Boundaries, in a physical sense, are built in order to keep out intruders who may cause damage. Similarly, in an emotion sense, boundaries are kept in order to prevent people trampling on sensitive issues and overstepping the mark.
If you are in love, you may enjoy your relationship being an all-encompassing part of your life in which you share everything. The temptation to wear ‘ his ’ and ‘ hers ’dressing gowns and eat from the same plate can be present. Telling your innermost secrets to your lover and forgetting your own needs may come naturally for a while. Later on down the line though, you will discover that the old boundaries you used to have become necessary once more.
Unbalanced, weak relationships involve one partner who sets boundaries the other follows regardless of their own needs. Healthy relationships on the other hand, involve partners who have struck a balance between their individual needs. Likewise, no one is afraid to speak their mind about their views and opinions, and no one shamelessly inflicts their idea about what is the right way to run their relationship on their partner.
The type of boundaries people maintain in relationships can be about anything from major lifestyle views, to personal needs that stem from what an individual requires in order to function happily.

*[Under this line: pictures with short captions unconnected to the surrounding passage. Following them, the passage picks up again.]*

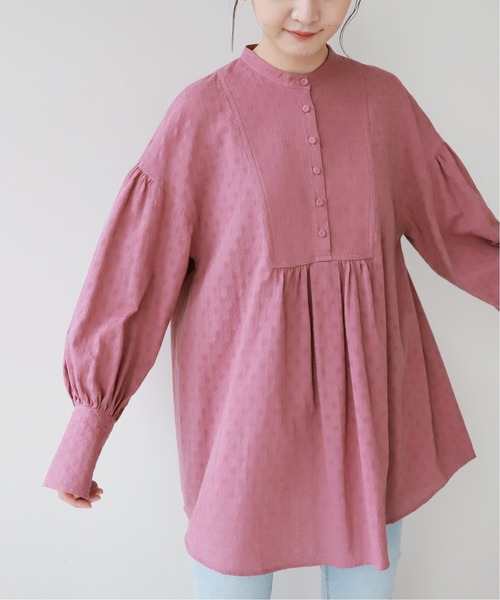 SLOBE citron.（スローブシトロン）の「SLOBE citron. チュニックブラウス【手洗い可能】◆（シャツ/ブラウス・レディース・ブラック/ブラック系その他/ピンク/ホワイト・FREE）」の4枚目の写真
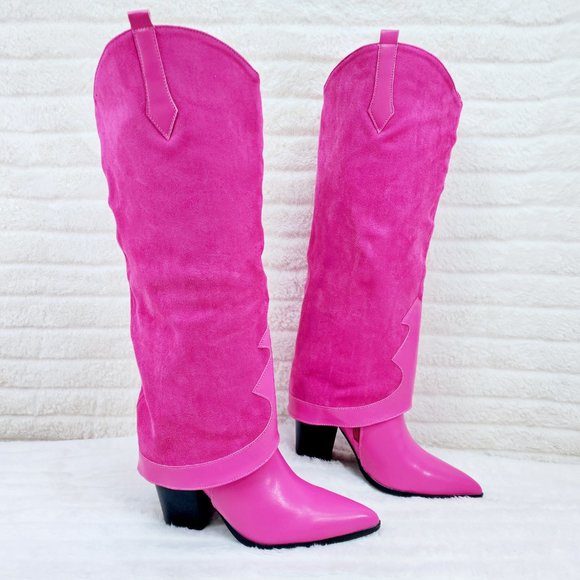 Branded Fuchsia Pink Skirted Fold Over Western Shark Knee High Cowgirl Boots - Picture 8 of 11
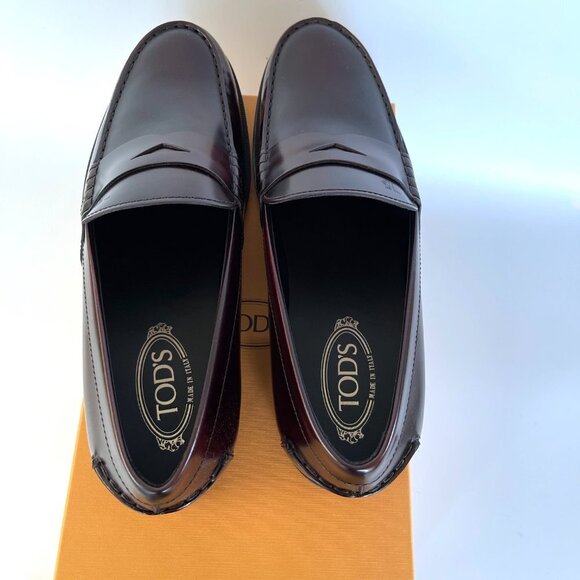 TOD'S ITALY BORDEAUX LEATHER LOAFERS SHOES, MOCASSINO COLLEGE GOMMA CLASSICO - Picture 7 of 15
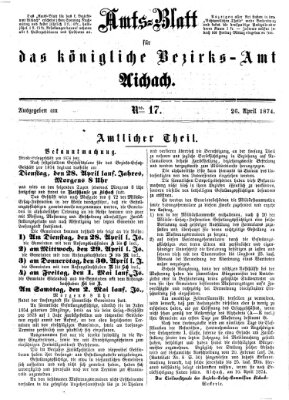 Amtsblatt für das Bezirksamt und Amtsgericht Aichach Sonntag 26. April 1874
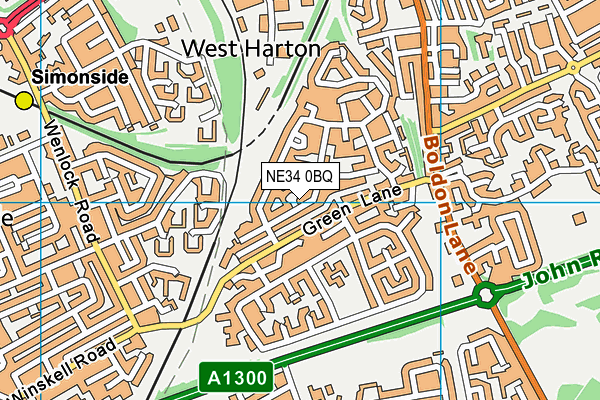 NE34 0BQ map - OS VectorMap District (Ordnance Survey)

Fidelity, finances, moral choices and even diet and comfort may be topics that require unique boundaries.
Once individuals in a relationship have established boundaries in their own minds they need to make them clear to their partner. Furthermore, when boundaries are recognized they need to be respected or the relationship will weaken and fall apart.
The kind of boundaries you set in your relationship depends upon what you need and want. While some partners may seem to have endless rules and stipulations about how they conduct their relationship and behave, others might have a more relaxed attitude involving greater freedom. However, this is an indication that looser boundaries are agreed upon and respected, otherwise, the relationship is doomed.
Boundaries, although sensible and practical, do not spoil intimacy and romance. Instead, they create an atmosphere of strength and security in which love can survive and prosper.